_Task description_: Where an entry below contains an image, skip the image and copy the rest exactly.

_Material provided_:
_ _ _ _ _
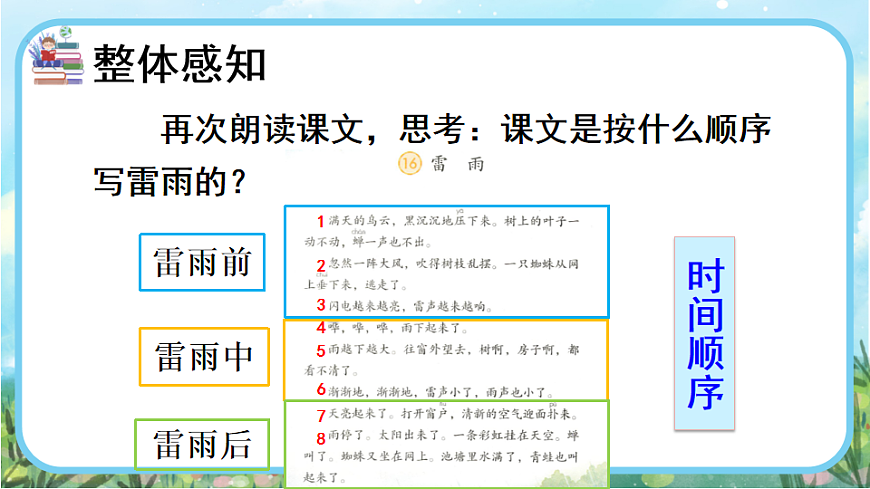【核心素养】部编版小学语文二年级下册15雷雨-课件第7页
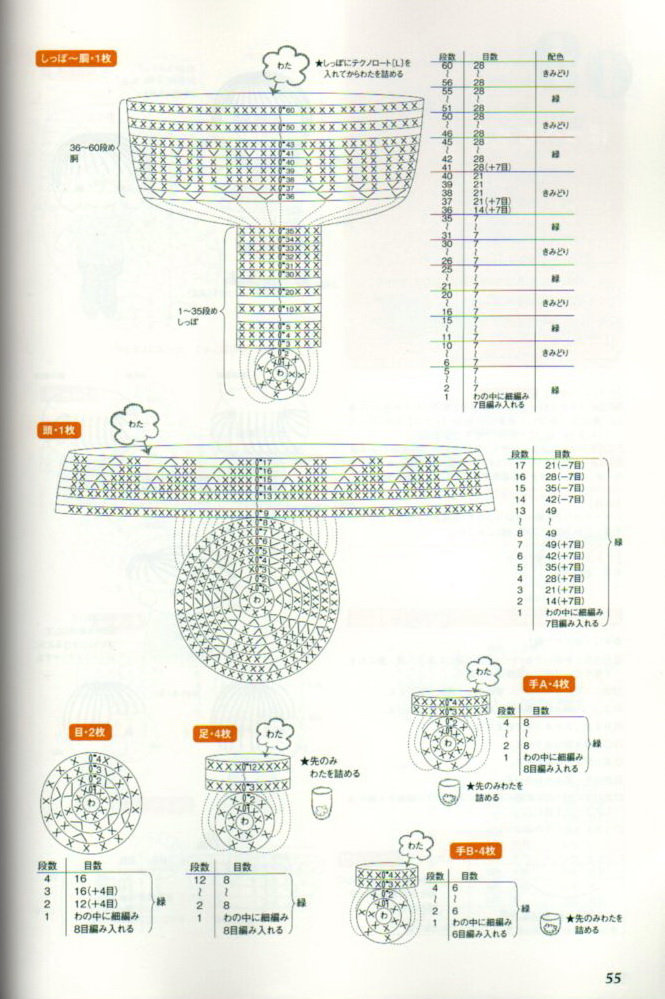 Chameleon amigurumi pattern (3)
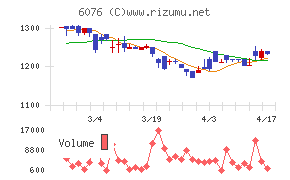 アメイズチャート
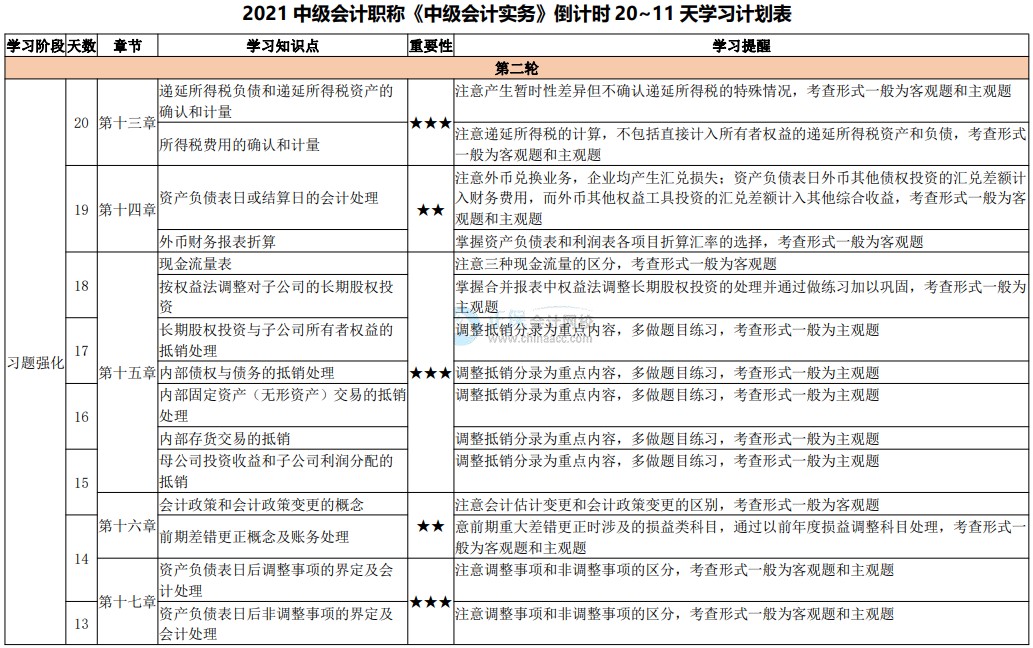 臨考大作戰(zhàn)！2021中級(jí)會(huì)計(jì)考試倒計(jì)時(shí)20-11天計(jì)劃表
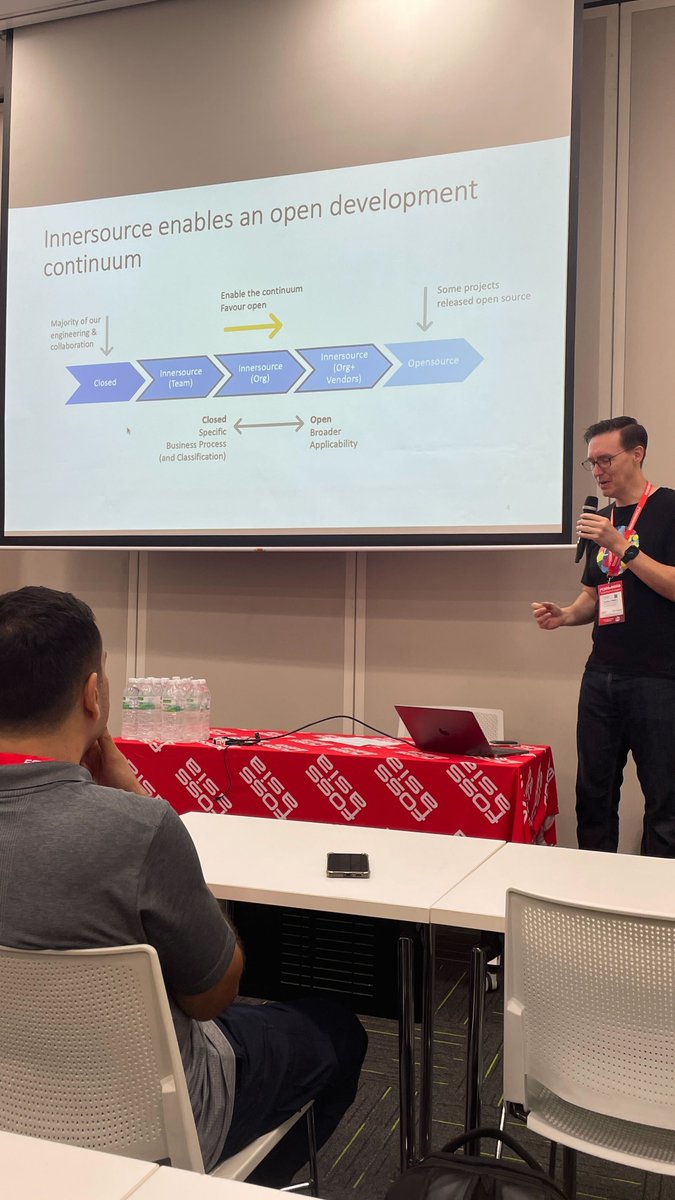 InnerSource Commons tweet media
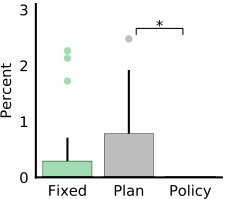 Figure 23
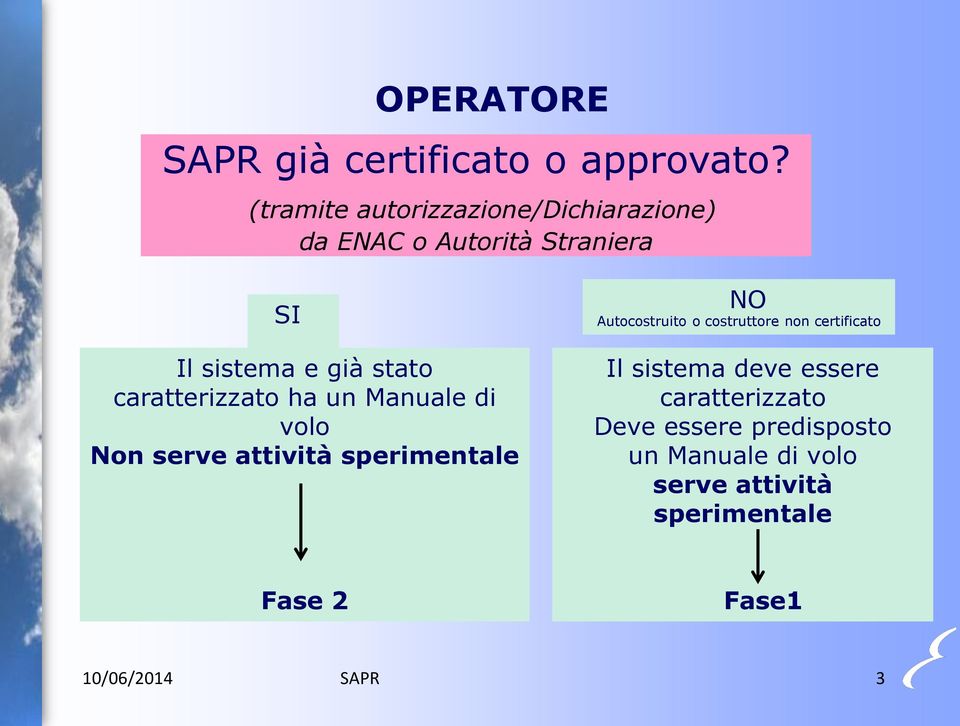 caratterizzato ha un Manuale di volo Non serve attività sperimentale NO Autocostruito o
_ _ _ _ _
_Response_:
【核心素养】部编版小学语文二年级下册15雷雨-课件第7页
 Chameleon amigurumi pattern (3)
 アメイズチャート
 臨考大作戰(zhàn)！2021中級(jí)會(huì)計(jì)考試倒計(jì)時(shí)20-11天計(jì)劃表
 InnerSource Commons tweet media
 Figure 23
 caratterizzato ha un Manuale di volo Non serve attività sperimentale NO Autocostruito o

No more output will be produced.